His fourth came the simple way: a back-post header from a teasing Bruno Guimaraes cross, the kind of goal that looks easy only because of the timing and positioning involved.

Four goals, one assist, and now, with Brazil out, his tally is locked.

=8. Ismaila Sarr (Senegal) – 4 goals*

(1 assist – 419 minutes)

Ismaila Sarr lit up Senegal’s Group I clash with Norway.

His first goal, an awkward, clipped effort while falling to the turf, somehow found its way in. His second, in the same game, was more orthodox but just as decisive in a narrow 3-2 defeat.

He added a third in Senegal’s final group match against Iraq, then struck again against Belgium in the round of 32, a reminder of his threat on the counter.

Four goals, one assist, and a tournament that showcased his ability to hurt elite opposition.

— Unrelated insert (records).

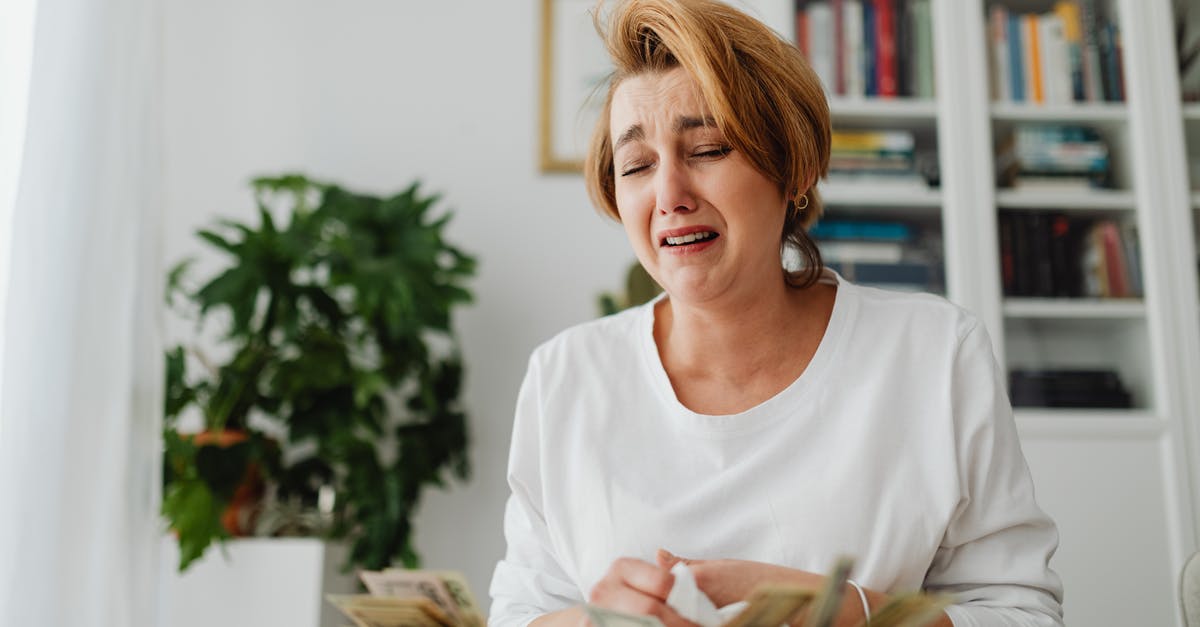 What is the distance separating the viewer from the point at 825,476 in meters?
0.98

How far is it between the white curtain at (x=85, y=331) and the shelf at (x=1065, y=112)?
6.14 ft

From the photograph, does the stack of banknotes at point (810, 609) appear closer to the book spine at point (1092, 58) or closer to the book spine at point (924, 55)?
the book spine at point (924, 55)

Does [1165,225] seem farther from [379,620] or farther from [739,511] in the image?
[379,620]

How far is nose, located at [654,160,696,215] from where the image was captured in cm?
100

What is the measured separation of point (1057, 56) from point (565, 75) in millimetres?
1275

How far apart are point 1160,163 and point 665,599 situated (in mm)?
1897

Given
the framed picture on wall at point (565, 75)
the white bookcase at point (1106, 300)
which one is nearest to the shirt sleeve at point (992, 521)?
the white bookcase at point (1106, 300)

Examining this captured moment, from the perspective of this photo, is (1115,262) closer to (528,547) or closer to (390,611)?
(528,547)

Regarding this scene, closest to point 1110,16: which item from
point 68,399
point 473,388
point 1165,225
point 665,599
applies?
point 1165,225

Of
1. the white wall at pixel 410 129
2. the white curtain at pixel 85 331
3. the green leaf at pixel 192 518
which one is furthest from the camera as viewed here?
the white wall at pixel 410 129

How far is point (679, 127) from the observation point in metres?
1.02

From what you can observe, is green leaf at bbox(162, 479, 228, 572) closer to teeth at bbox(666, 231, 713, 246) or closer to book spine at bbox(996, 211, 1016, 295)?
teeth at bbox(666, 231, 713, 246)

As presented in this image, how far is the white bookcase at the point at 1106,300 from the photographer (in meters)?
1.97

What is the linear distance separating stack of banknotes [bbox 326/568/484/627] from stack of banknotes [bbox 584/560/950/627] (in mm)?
349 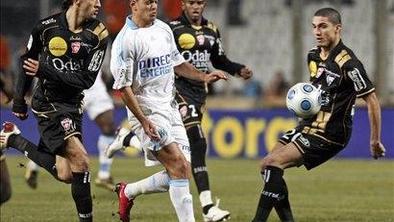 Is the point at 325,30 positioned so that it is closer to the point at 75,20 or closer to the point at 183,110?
the point at 75,20

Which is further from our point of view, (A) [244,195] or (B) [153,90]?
(A) [244,195]

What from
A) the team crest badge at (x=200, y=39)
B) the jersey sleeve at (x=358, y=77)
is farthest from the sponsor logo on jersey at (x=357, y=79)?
the team crest badge at (x=200, y=39)

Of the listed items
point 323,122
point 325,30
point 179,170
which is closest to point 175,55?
point 179,170

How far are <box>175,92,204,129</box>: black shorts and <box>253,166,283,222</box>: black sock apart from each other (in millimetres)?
2758

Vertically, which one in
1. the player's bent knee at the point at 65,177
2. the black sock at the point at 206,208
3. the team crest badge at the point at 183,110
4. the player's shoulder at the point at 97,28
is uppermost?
the player's shoulder at the point at 97,28

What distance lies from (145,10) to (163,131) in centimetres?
120

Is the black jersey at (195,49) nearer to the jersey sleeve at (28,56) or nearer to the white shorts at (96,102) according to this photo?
the jersey sleeve at (28,56)

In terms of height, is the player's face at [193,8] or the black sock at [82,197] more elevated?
the player's face at [193,8]

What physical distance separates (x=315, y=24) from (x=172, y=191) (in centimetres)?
225

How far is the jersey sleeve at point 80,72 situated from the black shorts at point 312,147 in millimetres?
2086

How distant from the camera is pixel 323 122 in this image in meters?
11.9

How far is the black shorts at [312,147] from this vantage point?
468 inches

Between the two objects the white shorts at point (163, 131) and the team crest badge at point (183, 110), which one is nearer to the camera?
the white shorts at point (163, 131)

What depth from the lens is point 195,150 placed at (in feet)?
46.8
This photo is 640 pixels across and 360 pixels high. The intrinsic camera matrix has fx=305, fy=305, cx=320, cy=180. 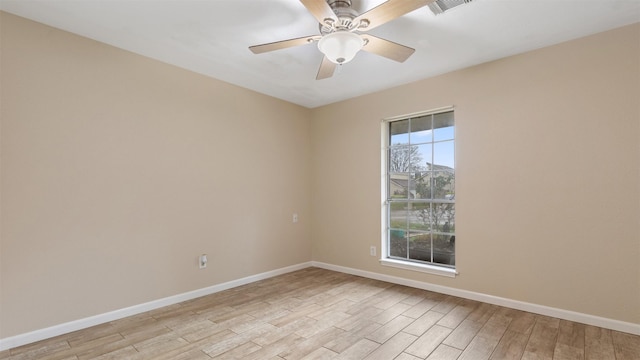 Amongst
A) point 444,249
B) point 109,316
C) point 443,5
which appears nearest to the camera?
point 443,5

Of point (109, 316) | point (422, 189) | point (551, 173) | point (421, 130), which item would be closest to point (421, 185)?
point (422, 189)

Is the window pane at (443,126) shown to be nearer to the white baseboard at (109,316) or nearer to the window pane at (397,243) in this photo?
the window pane at (397,243)

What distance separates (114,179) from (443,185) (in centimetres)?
352

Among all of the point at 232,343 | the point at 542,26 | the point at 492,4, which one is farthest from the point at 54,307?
the point at 542,26

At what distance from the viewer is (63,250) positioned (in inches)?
102

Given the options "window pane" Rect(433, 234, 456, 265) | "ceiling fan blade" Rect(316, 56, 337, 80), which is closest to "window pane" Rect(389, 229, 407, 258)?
"window pane" Rect(433, 234, 456, 265)

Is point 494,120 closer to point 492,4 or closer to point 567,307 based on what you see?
point 492,4

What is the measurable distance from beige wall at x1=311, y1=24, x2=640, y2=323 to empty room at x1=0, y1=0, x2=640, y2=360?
14 millimetres

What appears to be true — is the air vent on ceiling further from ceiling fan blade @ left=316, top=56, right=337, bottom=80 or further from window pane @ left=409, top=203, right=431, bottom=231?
window pane @ left=409, top=203, right=431, bottom=231

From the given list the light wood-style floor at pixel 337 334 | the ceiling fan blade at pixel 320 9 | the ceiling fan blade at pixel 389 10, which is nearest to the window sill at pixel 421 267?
the light wood-style floor at pixel 337 334

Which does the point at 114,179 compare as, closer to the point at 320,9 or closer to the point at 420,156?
the point at 320,9

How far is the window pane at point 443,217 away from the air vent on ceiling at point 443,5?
6.96 ft

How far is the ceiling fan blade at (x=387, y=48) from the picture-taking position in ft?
7.32

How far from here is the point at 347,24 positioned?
2078mm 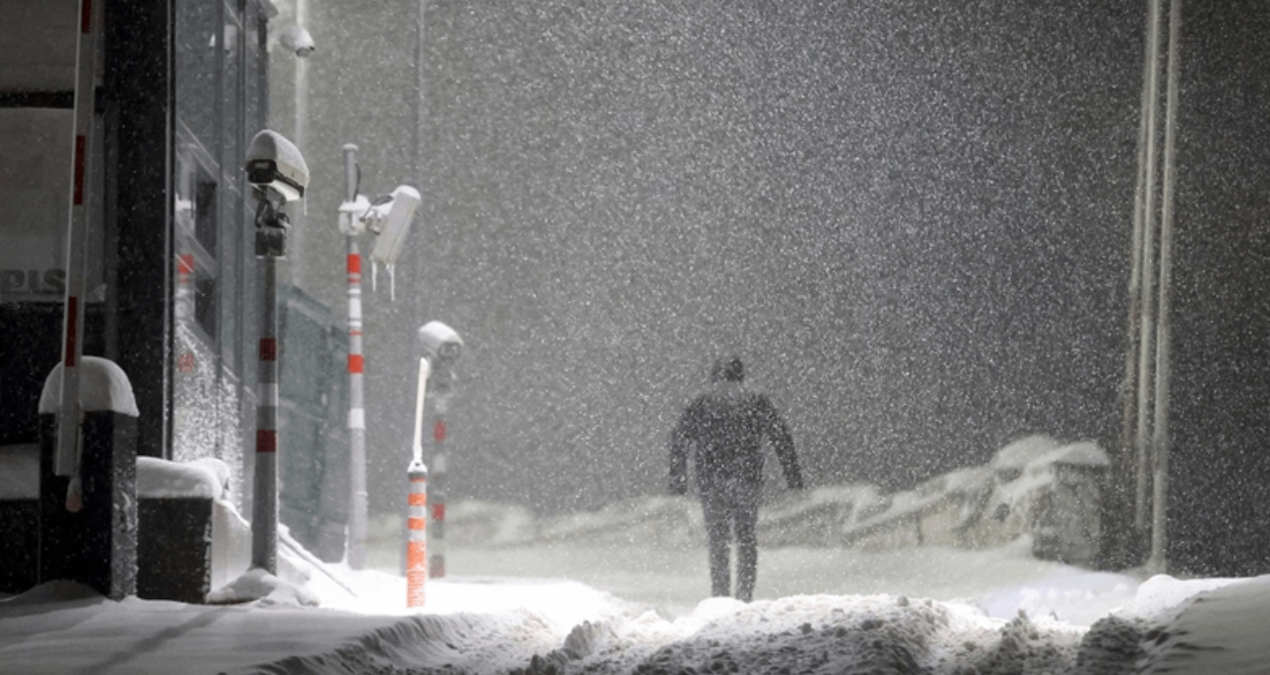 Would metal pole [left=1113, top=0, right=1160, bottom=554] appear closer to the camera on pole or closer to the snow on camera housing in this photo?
the snow on camera housing

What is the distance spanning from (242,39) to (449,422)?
337 inches

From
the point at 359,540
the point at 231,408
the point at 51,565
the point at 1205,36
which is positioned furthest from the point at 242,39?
the point at 1205,36

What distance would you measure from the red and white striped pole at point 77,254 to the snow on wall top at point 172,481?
60 cm

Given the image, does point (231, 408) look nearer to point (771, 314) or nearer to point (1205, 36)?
point (1205, 36)

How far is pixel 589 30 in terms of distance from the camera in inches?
651

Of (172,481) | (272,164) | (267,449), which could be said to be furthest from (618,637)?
(272,164)

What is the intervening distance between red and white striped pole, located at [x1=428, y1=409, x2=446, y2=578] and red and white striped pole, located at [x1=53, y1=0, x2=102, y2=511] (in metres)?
5.41

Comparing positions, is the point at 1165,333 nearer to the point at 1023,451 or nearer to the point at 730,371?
the point at 730,371

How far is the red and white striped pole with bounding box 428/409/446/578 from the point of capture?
937cm

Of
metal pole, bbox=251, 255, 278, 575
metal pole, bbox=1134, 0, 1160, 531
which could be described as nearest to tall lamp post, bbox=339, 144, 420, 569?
metal pole, bbox=251, 255, 278, 575

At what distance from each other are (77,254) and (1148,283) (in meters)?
8.94

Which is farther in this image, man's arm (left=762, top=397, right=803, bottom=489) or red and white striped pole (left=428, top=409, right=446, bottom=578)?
red and white striped pole (left=428, top=409, right=446, bottom=578)

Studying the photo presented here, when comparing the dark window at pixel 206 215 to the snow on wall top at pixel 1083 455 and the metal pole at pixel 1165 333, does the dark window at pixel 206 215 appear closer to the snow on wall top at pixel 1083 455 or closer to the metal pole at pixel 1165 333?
the metal pole at pixel 1165 333

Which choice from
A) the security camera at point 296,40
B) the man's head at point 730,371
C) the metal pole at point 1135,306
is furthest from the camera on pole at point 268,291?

=8. Julian Quinones (Mexico) – 4 goals*

(1 assist – 440 minutes)

Julian Quinones wasted no time. He scored the first goal of the entire World Cup, opening Mexico’s campaign with the opener in a 2-0 win over South Africa.

He struck again in a 3-0 victory over Czech Republic, then once more delivered the opener in the last-32 tie against Ecuador. Against England in the same round, he added another to his tally.

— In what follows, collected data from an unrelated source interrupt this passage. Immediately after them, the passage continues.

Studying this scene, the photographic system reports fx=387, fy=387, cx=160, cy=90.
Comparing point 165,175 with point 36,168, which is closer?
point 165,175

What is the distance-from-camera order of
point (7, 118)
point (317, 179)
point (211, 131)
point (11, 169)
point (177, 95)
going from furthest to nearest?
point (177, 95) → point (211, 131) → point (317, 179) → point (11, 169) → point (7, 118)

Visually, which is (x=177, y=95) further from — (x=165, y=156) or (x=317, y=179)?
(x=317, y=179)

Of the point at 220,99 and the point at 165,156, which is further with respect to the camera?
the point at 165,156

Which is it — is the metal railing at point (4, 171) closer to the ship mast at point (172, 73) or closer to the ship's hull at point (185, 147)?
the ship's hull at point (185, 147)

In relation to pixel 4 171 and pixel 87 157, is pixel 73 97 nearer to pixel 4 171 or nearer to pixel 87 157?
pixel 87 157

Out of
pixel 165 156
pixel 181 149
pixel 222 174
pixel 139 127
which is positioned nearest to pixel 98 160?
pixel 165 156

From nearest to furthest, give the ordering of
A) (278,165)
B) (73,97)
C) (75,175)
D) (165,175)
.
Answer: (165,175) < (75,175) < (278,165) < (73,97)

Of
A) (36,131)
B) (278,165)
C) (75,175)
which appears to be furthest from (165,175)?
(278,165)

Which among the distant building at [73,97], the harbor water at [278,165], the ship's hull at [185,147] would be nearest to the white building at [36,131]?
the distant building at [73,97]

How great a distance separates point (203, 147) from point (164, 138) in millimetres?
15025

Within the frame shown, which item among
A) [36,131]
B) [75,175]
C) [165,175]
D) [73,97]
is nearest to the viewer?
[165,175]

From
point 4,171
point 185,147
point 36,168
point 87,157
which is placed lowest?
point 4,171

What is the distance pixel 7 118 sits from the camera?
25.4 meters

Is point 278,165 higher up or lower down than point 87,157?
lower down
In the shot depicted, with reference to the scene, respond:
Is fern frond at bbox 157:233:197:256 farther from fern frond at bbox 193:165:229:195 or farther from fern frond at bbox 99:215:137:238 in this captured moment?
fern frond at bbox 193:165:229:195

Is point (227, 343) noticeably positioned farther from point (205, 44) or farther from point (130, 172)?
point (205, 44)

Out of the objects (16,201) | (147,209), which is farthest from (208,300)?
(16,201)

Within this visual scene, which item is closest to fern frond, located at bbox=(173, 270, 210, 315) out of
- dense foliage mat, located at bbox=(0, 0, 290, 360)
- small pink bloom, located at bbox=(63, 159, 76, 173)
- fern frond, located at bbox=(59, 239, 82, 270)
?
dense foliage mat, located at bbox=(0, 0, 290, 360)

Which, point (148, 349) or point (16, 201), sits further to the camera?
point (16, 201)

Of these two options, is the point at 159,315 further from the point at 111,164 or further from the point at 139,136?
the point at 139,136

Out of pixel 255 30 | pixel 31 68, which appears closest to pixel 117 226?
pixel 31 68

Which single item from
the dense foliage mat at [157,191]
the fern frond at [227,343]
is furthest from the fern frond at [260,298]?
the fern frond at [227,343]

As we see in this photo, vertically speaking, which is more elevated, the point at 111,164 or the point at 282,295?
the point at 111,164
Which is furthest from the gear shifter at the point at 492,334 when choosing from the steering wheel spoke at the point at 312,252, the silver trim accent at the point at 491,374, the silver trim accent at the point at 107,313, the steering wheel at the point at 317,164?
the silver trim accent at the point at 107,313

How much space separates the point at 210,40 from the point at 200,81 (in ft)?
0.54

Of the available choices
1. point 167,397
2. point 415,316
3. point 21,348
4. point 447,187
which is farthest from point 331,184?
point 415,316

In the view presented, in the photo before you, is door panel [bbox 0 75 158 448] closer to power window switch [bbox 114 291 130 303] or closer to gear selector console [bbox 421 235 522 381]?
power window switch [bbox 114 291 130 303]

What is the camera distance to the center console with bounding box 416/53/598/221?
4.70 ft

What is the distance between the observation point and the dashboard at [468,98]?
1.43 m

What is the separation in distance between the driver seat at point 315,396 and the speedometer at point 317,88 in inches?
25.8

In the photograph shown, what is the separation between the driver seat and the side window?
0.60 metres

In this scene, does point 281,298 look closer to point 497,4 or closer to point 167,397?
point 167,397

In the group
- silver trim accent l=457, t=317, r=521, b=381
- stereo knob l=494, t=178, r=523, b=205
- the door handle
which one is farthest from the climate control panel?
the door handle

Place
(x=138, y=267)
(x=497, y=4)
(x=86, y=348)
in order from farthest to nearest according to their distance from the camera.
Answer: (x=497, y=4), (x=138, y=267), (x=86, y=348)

For those who watched him top-score in the Saudi Pro League with 33 goals in 31 games, none of this came as a shock. Four goals here underline that his domestic numbers are no illusion.

=10. The chasing pack – 3 goals

Behind them, 11 players sit on three goals, all hoping for one final surge. For some, that chance has already gone. For others, it may come in a semi-final, a third-place play-off, or the final itself.

A prize with its own history

The Golden Boot, introduced as the Golden Shoe in 1982, has long recognised the World Cup’s deadliest finisher, even if the accolade was unofficial before then.

In 2022, Kylian Mbappe joined rare company by scoring a hat-trick in the final, matching Geoff Hurst’s feat from 1966. Unlike Hurst, he did not lift the trophy, but his eight goals equalled Ronaldo’s 2002 benchmark for a single tournament.

Four years earlier, Harry Kane’s six goals carried England to the semi-finals and earned him the award, despite their eventual loss to Croatia.

Now, in 2026, the race has tightened into something more personal. Messi and Mbappe are locked on eight. Haaland lurks one back, frozen on seven. Bellingham and Kane wait on six, with Dembele and Oyarzabal just behind.

The World Cup will crown a champion soon enough. The sharper question, as the last games unfold, is simpler and more ruthless:

Who will keep scoring when it matters most?